# Part 1: Data Loading and Preprocessing - Phase 1 Dataset

**Goal:** Load and inspect the BIOQIC FEM Box simulation (`four_target_phantom.mat`)

**Dataset:** Phase 1 - Simple box geometry with 4 target inclusions of different stiffness

## Objectives:
1. Load `.mat` file and understand its structure
2. Extract displacement fields (u_x, u_y, u_z)
3. Extract ground truth stiffness (complex shear modulus)
4. Visualize displacement fields and stiffness distribution
5. Build preprocessing utilities (normalization, coordinate grids)
6. Generate collocation points for physics loss

In [None]:
import numpy as np
import scipy.io as sio
import matplotlib.pyplot as plt
from mpl_toolkits.mplot3d import Axes3D
import seaborn as sns
from pathlib import Path

# Set plotting style
sns.set_style('whitegrid')
plt.rcParams['figure.figsize'] = (12, 8)

print("Libraries imported successfully!")

## 1. Load BIOQIC Box Dataset

In [None]:
# Define data path
data_path = Path('data/raw/bioqic/four_target_phantom.mat')

# Check if file exists
if not data_path.exists():
    raise FileNotFoundError(f"Dataset not found at {data_path}")

# Load .mat file
print(f"Loading dataset from: {data_path}")
data = sio.loadmat(data_path)

print("\n=== Dataset Keys ===")
for key in data.keys():
    if not key.startswith('__'):  # Skip metadata keys
        print(f"  {key}: {type(data[key])} - Shape: {data[key].shape if hasattr(data[key], 'shape') else 'N/A'}")

## 2. Inspect Data Structure

In [None]:
# Explore the main data structures
# BIOQIC datasets typically contain:
# - u: displacement field (complex)
# - Nodes: spatial coordinates
# - stiffness/modulus: ground truth

# List all non-metadata keys
data_keys = [k for k in data.keys() if not k.startswith('__')]

print("\n=== Detailed Inspection ===")
for key in data_keys:
    item = data[key]
    print(f"\n{key}:")
    print(f"  Type: {type(item)}")
    if hasattr(item, 'shape'):
        print(f"  Shape: {item.shape}")
        print(f"  Dtype: {item.dtype}")
        if np.prod(item.shape) < 100:  # Only print if small
            print(f"  Values: {item}")
        else:
            print(f"  Min: {item.min():.6f}, Max: {item.max():.6f}, Mean: {item.mean():.6f}")

## 3. Extract Key Variables

Based on the BIOQIC description, we expect:
- **Nodes**: Spatial coordinates (N x 3) for x, y, z
- **Displacements**: Complex displacement field (N x 3) for u_x, u_y, u_z
- **Stiffness**: Ground truth complex shear modulus (N x 1)

In [None]:
# Extract coordinates - try common key names
coord_keys = ['Nodes', 'nodes', 'coordinates', 'coords', 'x', 'X']
coordinates = None
for key in coord_keys:
    if key in data:
        coordinates = data[key]
        print(f"Found coordinates under key: '{key}'")
        break

if coordinates is not None:
    print(f"Coordinates shape: {coordinates.shape}")
    print(f"Coordinate range: X=[{coordinates[:, 0].min():.3f}, {coordinates[:, 0].max():.3f}], "
          f"Y=[{coordinates[:, 1].min():.3f}, {coordinates[:, 1].max():.3f}], "
          f"Z=[{coordinates[:, 2].min():.3f}, {coordinates[:, 2].max():.3f}]")
else:
    print("\nCoordinates not found with standard keys.

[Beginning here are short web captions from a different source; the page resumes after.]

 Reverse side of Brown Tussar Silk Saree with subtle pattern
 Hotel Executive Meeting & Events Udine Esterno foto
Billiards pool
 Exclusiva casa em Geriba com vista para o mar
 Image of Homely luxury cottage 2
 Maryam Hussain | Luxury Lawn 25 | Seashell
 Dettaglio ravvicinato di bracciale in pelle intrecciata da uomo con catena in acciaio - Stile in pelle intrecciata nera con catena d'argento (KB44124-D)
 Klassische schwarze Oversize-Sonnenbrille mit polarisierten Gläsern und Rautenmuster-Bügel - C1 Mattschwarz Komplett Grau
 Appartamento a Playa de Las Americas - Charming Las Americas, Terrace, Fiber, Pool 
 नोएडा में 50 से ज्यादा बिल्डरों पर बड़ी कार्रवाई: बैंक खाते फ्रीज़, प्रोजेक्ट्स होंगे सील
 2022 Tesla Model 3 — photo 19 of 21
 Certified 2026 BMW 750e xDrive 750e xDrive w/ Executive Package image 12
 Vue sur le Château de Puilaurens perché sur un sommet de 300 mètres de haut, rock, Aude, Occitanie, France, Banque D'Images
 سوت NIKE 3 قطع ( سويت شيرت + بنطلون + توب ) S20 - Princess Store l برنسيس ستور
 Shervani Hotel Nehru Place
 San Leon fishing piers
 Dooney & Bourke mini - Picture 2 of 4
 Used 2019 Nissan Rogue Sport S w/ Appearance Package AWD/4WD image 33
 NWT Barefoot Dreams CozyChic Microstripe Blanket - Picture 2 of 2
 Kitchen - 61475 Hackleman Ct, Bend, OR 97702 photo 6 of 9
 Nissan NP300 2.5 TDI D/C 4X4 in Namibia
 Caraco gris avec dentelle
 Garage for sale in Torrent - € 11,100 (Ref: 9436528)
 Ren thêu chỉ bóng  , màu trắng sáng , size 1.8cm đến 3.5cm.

Available keys:")
    print(data_keys)

In [None]:
# Extract displacement field - try common key names
disp_keys = ['u', 'U', 'displacement', 'Displacement', 'u_wave', 'u_field']
displacement = None
for key in disp_keys:
    if key in data:
        displacement = data[key]
        print(f"Found displacement under key: '{key}'")
        break

if displacement is not None:
    print(f"Displacement shape: {displacement.shape}")
    print(f"Displacement dtype: {displacement.dtype}")
    if np.iscomplexobj(displacement):
        print("Displacement is complex (real + imaginary)")
        print(f"  Real part - Min: {displacement.real.min():.6e}, Max: {displacement.real.max():.6e}")
        print(f"  Imag part - Min: {displacement.imag.min():.6e}, Max: {displacement.imag.max():.6e}")
    else:
        print("Displacement is real-valued")
        print(f"  Min: {displacement.min():.6e}, Max: {displacement.max():.6e}")

In [None]:
# Extract ground truth stiffness - try common key names
stiff_keys = ['G', 'g', 'mu', 'stiffness', 'Stiffness', 'shear_modulus', 'modulus']
stiffness = None
for key in stiff_keys:
    if key in data:
        stiffness = data[key]
        print(f"Found stiffness under key: '{key}'")
        break

if stiffness is not None:
    print(f"Stiffness shape: {stiffness.shape}")
    print(f"Stiffness dtype: {stiffness.dtype}")
    if np.iscomplexobj(stiffness):
        print("Stiffness is complex (storage + loss modulus)")
        print(f"  Storage modulus (real) - Min: {stiffness.real.min():.3f} Pa, Max: {stiffness.real.max():.3f} Pa")
        print(f"  Loss modulus (imag) - Min: {stiffness.imag.min():.3f} Pa, Max: {stiffness.imag.max():.3f} Pa")
    else:
        print("Stiffness is real-valued")
        print(f"  Min: {stiffness.min():.3f} Pa, Max: {stiffness.max():.3f} Pa")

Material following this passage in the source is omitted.